Le rôle et l’importance d’un ERT en entreprise

Un ERT, ce n’est pas qu’un acronyme administratif qui s’invite dans les couloirs des entreprises. C’est la mémoire vivante de chaque contrôle, chaque vérification, chaque engagement pris pour garantir la sécurité de tous, salariés comme visiteurs. Oublier ce registre, c’est jouer avec le feu, parfois au sens propre.

Le registre de sécurité, aussi appelé registre d’audit de sécurité ou registre d’audit, a une mission précise : consigner chaque contrôle réalisé dans l’entreprise, qu’il soit ponctuel ou périodique. Sa présence n’est pas optionnelle dès lors que l’on accueille du public ou que des employés franchissent la porte chaque matin. Ce carnet de bord, obligatoire, structure la vigilance quotidienne autour des risques.

Quelles obligations encadrent ce registre ?

Le Code du travail, aux articles L.4711-1 à L.4711-5, impose à chaque entreprise la tenue d’un registre de sécurité. Ce document, loin d’être rangé dans un tiroir poussiéreux, doit rester accessible à plusieurs acteurs : le CHSCT (Comité d’Hygiène, de Sécurité et des Conditions de Travail), les délégués du personnel, le médecin du travail, l’inspecteur du travail et bien sûr, les représentants de la sécurité sociale ou les auditeurs. Chacun peut en demander la consultation, preuve que la sécurité ne supporte pas l’opacité.

Et si l’entreprise néglige cette obligation ? Les sanctions tombent : absence de registre lorsque des salariés sont présents, ou refus de présentation à l’inspecteur du travail, exposent à des amendes pouvant grimper rapidement, sans parler du risque de voir sa responsabilité engagée en cas d’accident. On l’a vu lors de contrôles imprévus, où certains dirigeants, incapables de fournir le registre, se sont retrouvés sur la sellette.

À qui s’adresse le registre de sécurité ?

Deux grandes familles d’établissements doivent le tenir : les établissements recevant du public (ERP) et les établissements recevant des travailleurs (ERT). Dans un ERP, le registre centralise toutes les interventions touchant à la sécurité de l’entreprise : alarmes, systèmes électriques, dispositifs incendie… Chaque action, chaque test, chaque réparation y trouve sa trace.

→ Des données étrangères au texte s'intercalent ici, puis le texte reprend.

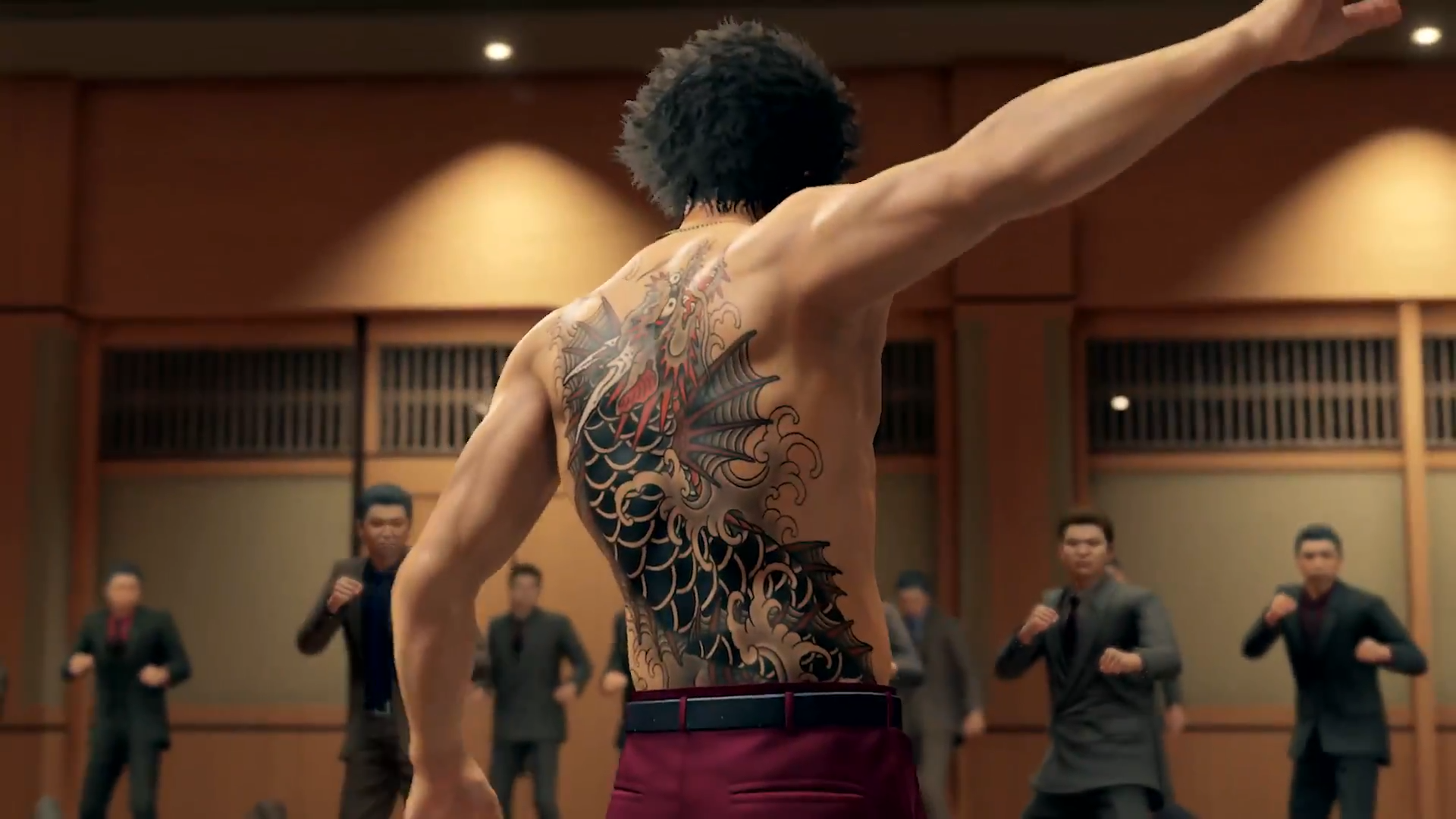 "A Yakuza: Like a Dragon screenshot of Ichiban Kasuga ripping off his jacket, revealing the dragonfish tattoo on his back. There are people ready to fight standing before him."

Dans un ERT, la mise à jour du registre relève du responsable sécurité, du chef d’entreprise, voire d’un responsable de site. On y consigne chaque intervention concernant les équipements, les machines et l’ensemble du bâtiment. L’article L. 620-6 du Code du travail va plus loin : l’employeur doit conserver tous les documents attestant de la vérification et du contrôle des installations, sous peine d’une amende de 750 € en cas de manquement. À la suite d’un incident, le tribunal peut exiger la présentation du registre de sécurité incendie. Si le document n’existe pas ou s’avère incomplet, le niveau de responsabilité grimpe d’un cran.

Que retrouve-t-on concrètement dans ce registre ?

Chaque outil, chaque équipement de protection, chaque installation doit être entretenu et contrôlé régulièrement. Ces opérations, loin d’être anodines, sont systématiquement consignées dans le registre. On y note le résultat des contrôles, avec la date, le nom et la qualification de la personne qui les a réalisés.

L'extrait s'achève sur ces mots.